The Big Short: Inside the Doomsday Machine, by Michael Lewis - W. W. Norton & Company 2010

I loved this book. The Big Short is seen by others as a history of the real estate meltdown and the financial crisis that culminated in near-panic in the fall of 2008. But it is more than that. It is also the history and psychology of collective delusional thinking.

In fact, it is similar to a book that was first published almost 150 years ago (in 1841). That classic, Extraordinary Popular Delusions and the Madness of Crowds, by Charles Mackay, detailed financial follies from over the centuries, including the South Sea Bubble and the infamous Tulip Bulb Mania. In 1624 some tulip bulbs were trading at a higher price than gold.

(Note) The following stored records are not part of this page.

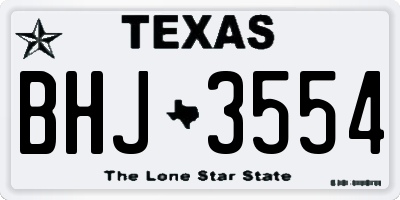 TX license plate BHJ3554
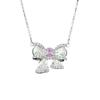 Sweet Princess Style Silver Asymmetrical Bow Necklace Slightly Inlaid Pink Treasure Sweet Premium Clavicle Chain Female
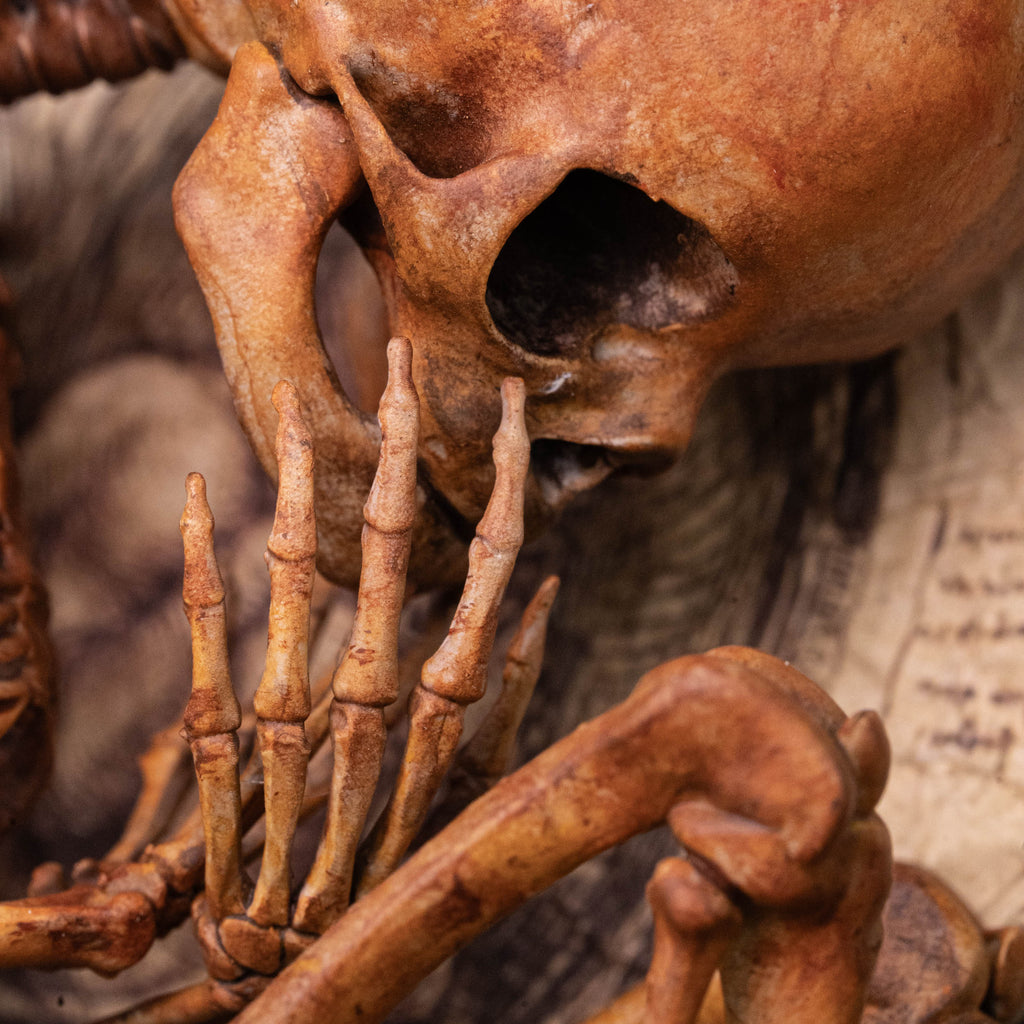 Baby human fetus skeleton on vintage gothic frame.
anatomical accurate model 
human skull
human skeleton
oddities and curiosities 
gothic wall decor
dark academia
WitchCraft collectibles
horror home decor
afterlife art
Creepy tabletop decor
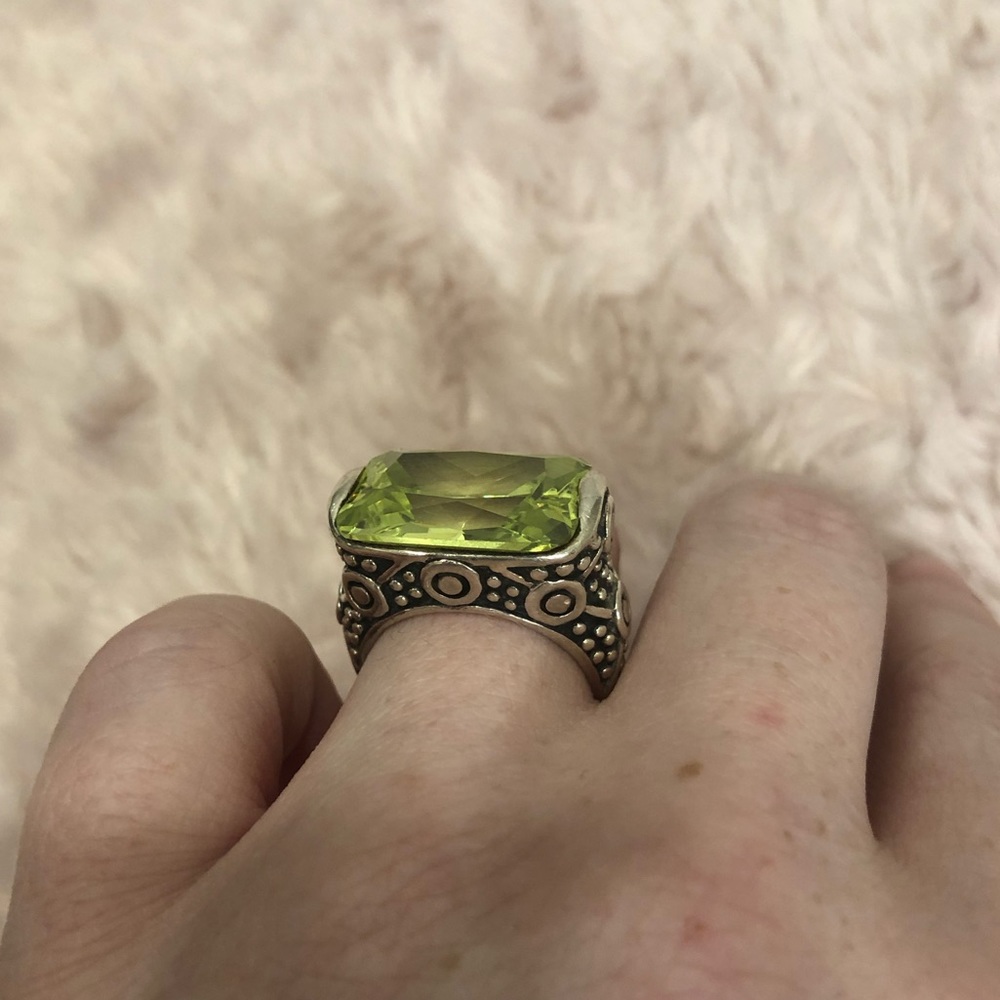 Light Green Jewel & silver Ring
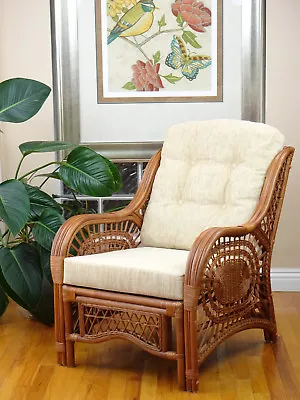 Malibu Design Handmade Rattan Wicker Lounge Chair With Cushions • $299.99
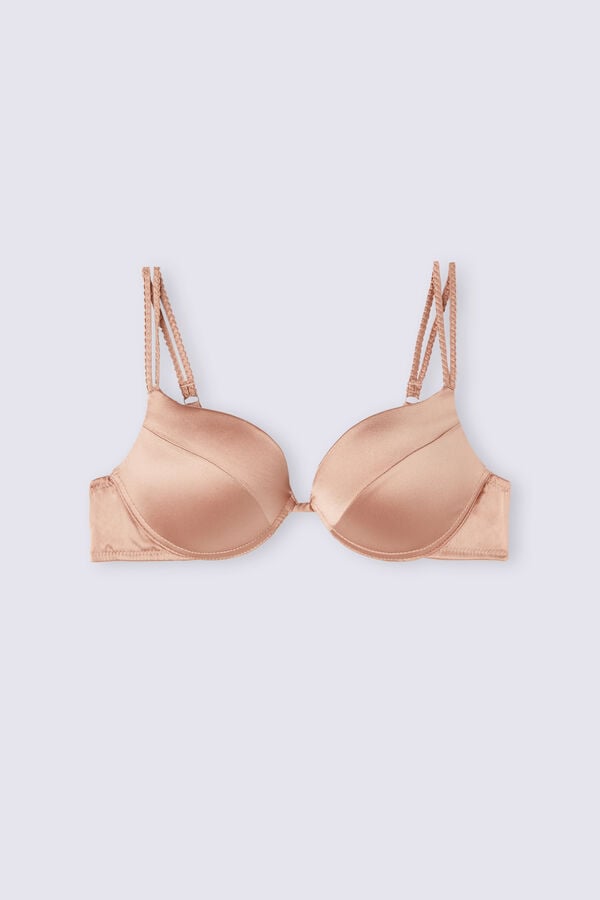 Women Intimissimi Simona Super Push-Up Silk Bra Pink | 3485910-YR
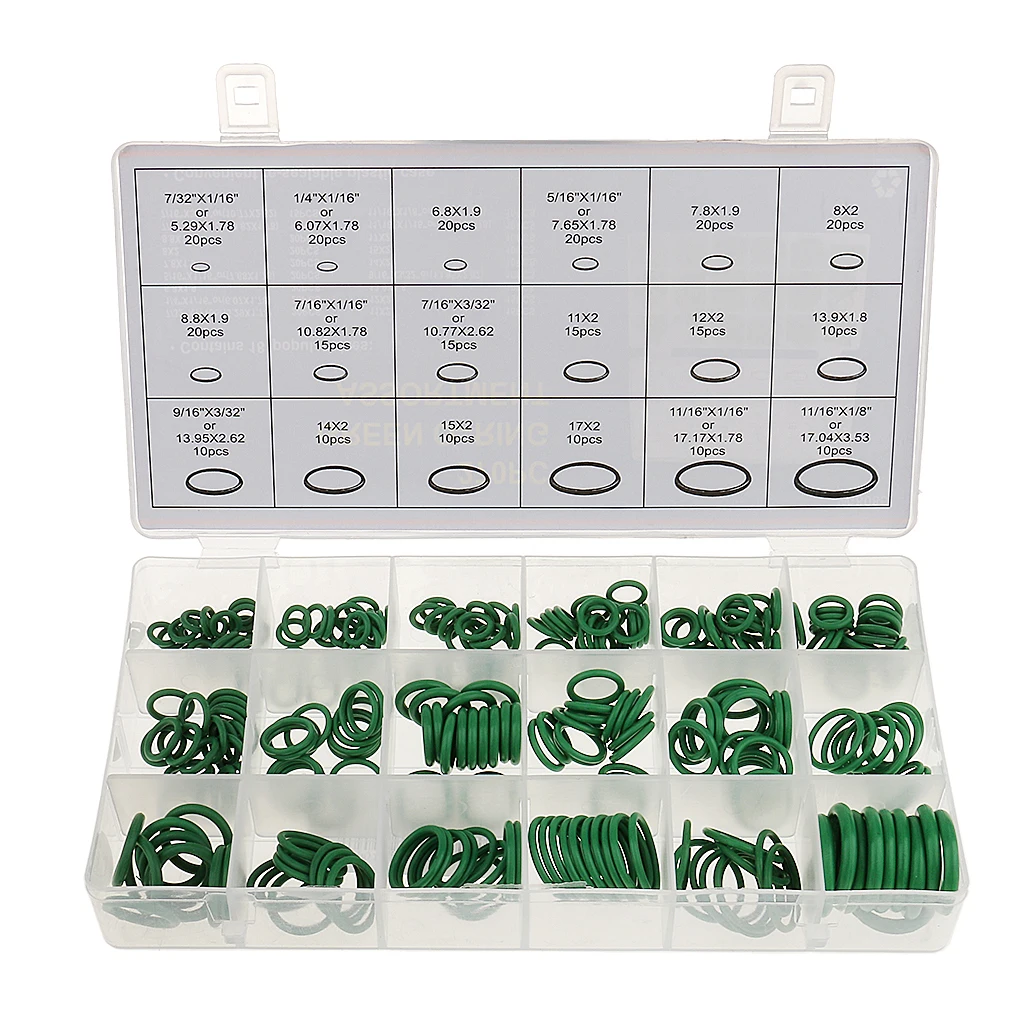 

270PCS Car A/C System Air Conditioning O-Ring Seals Assortment Kits Green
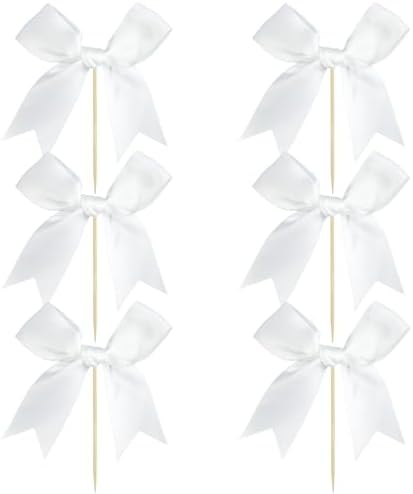 Ephlyn 24Pcs White Bow Cupcake Toppers Bow Cake Topper Birthday Decorations Mini Bowknot Cupcake Picks for Coquette Theme Party Decoration Bachelorette Bridal Engagement Wedding Party White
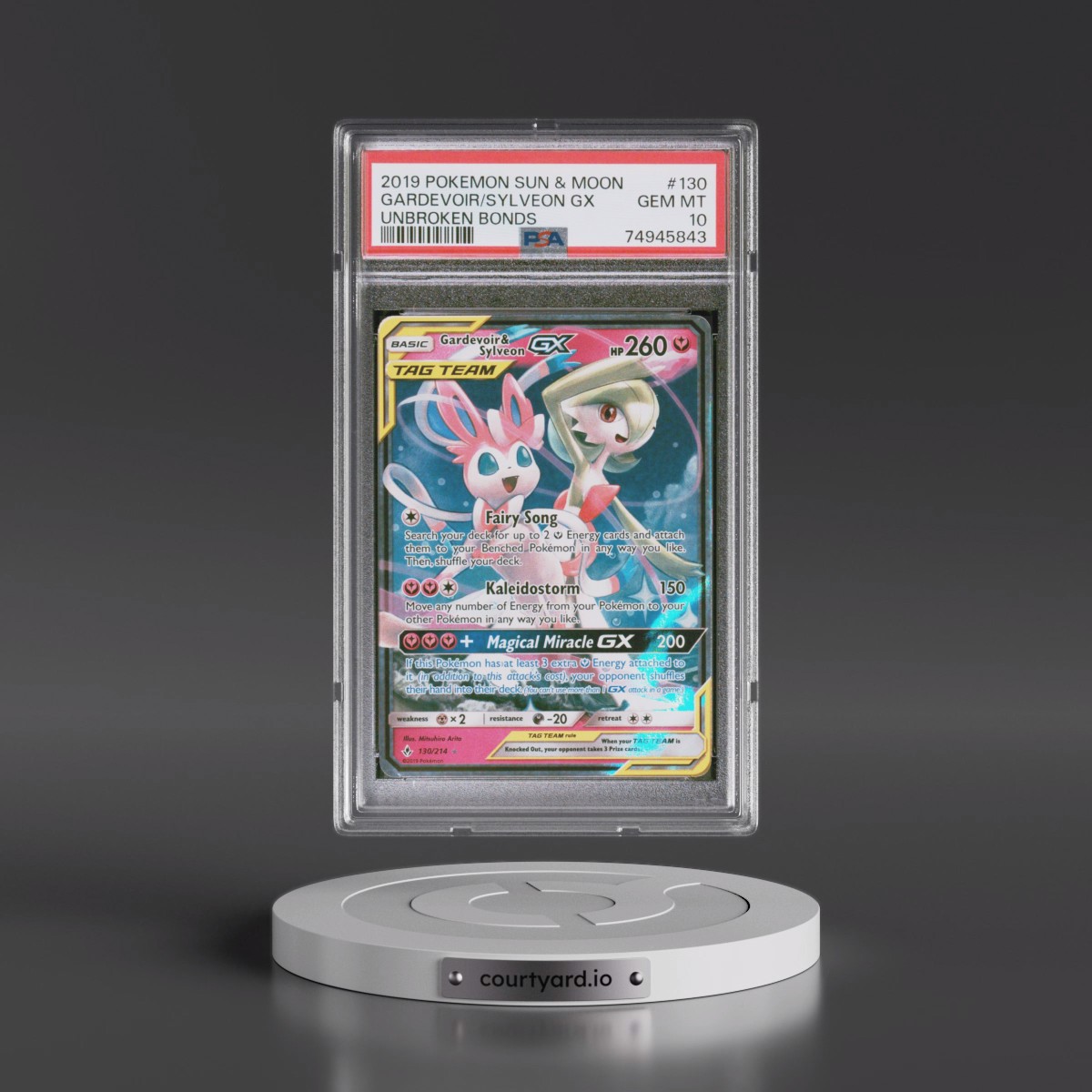 2019 Pokémon Sun & Moon Unbroken Bonds #130 Gardevoir & Sylveon GX - Holo (PSA 10 GEM MINT)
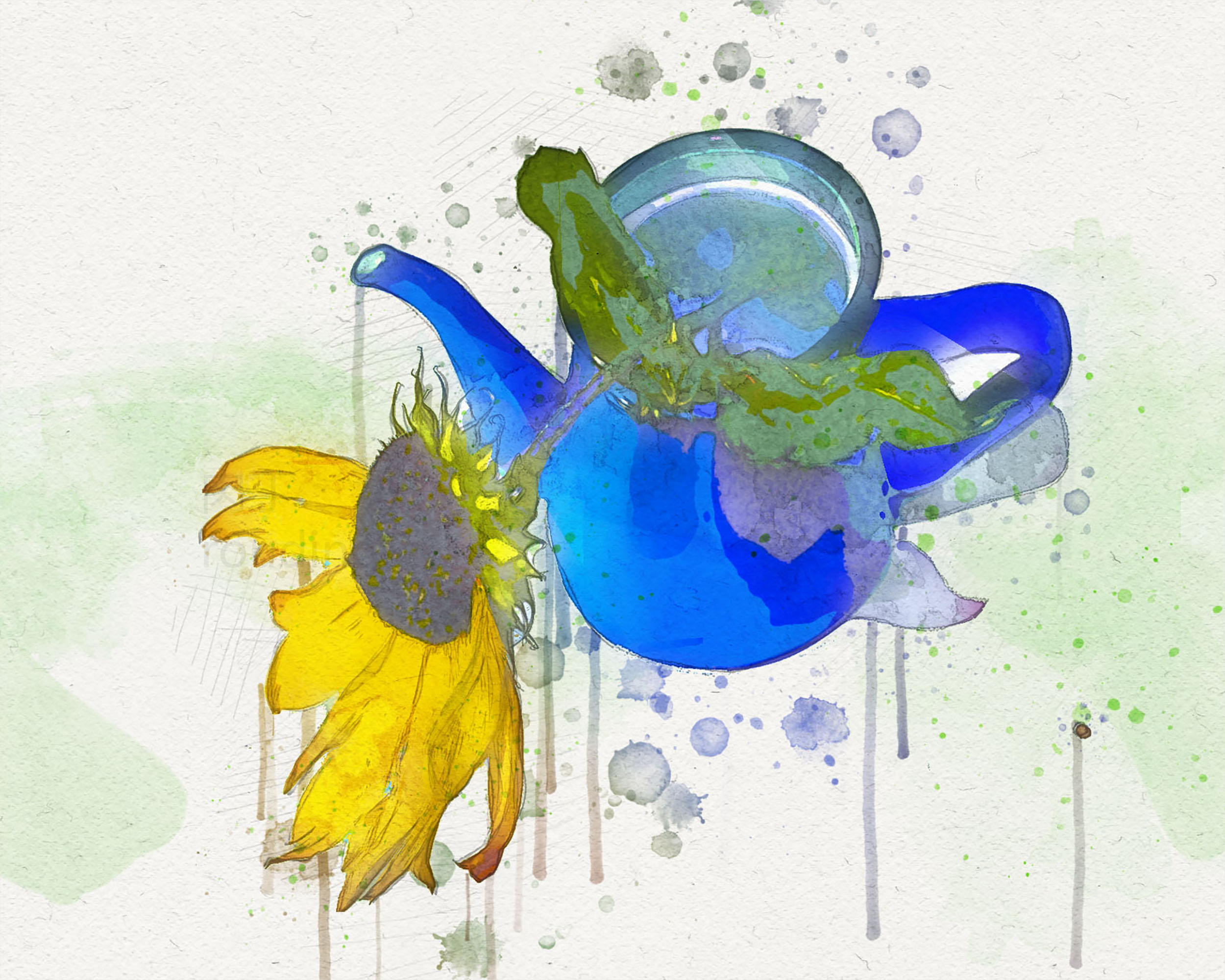 简单画向日葵美术水彩基础入门作品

At first glance it would seem that the key question is how people so easily buy into a collective delusion. For example, it seems painfully clear after the fact that an average salary of perhaps $60,000 in California couldn't sustain home prices that were averaging over $500,000. It seems insane on the face of it. But the willingness of people to play along is not really difficult to understand. In fact, if everyone is getting wealthier with real estate year after year, as insane as the prices are, it is perhaps harder to imagine people refusing to jump on the bandwagon and join in the profits.

When we look at it this way, the conclusion seems to be that the process itself is insane, but the players are acting rationally--a strange conclusion indeed. Is it rational to take advantage of irrationality, and can we apply these terms to collective action apart from individual actions? And at what point do people stop realizing they are playing a dangerous game (and did they ever know), and start really deluding themselves with justifications for the general insanity around them?

Well, back to Michael Lewis' book. Subtitled "Inside the Doomsday Machine," that's exactly where we are taken. The big short looks at how the big banks and big investors created a system that was sure to explode in their faces, and came to believe in it as something safe and useful. Loans that were clearly risky were packaged together and suddenly rated much higher based on the delusion that a bunch of risky bets are safer than one--a strange application of the theory of investment diversification.

Apart from the bizarre sense everyone seemed to have that all real estate transactions made sense at any price and with any borrowers, there is another interesting aspect to the whole mess that Lewis covers. It is the fact that a handful of players not only saw the delusional nature of it all (myself and million of others saw that), but also found ways to bet against the market. They bet big, and they won big.

Perhaps my only complaint about the book is that Lewis did not report on the role that Government policy played in inflating the real estate bubble. He seemed to believe that it was all a matter of the key players distorting the market, with no acknowledgement of the easy-money policies of the Federal Reserve, the special tax treatment that real estate gets, the forced lowering of standards for loans that were legislated, and other policies that contributed to the boom and subsequent bust.

In any case, it presents a great historical lesson we can learn from. Like his first book, Liar's Poker, The Big Short is written in an easy-to-read style and with a storyline that makes it hard to put down.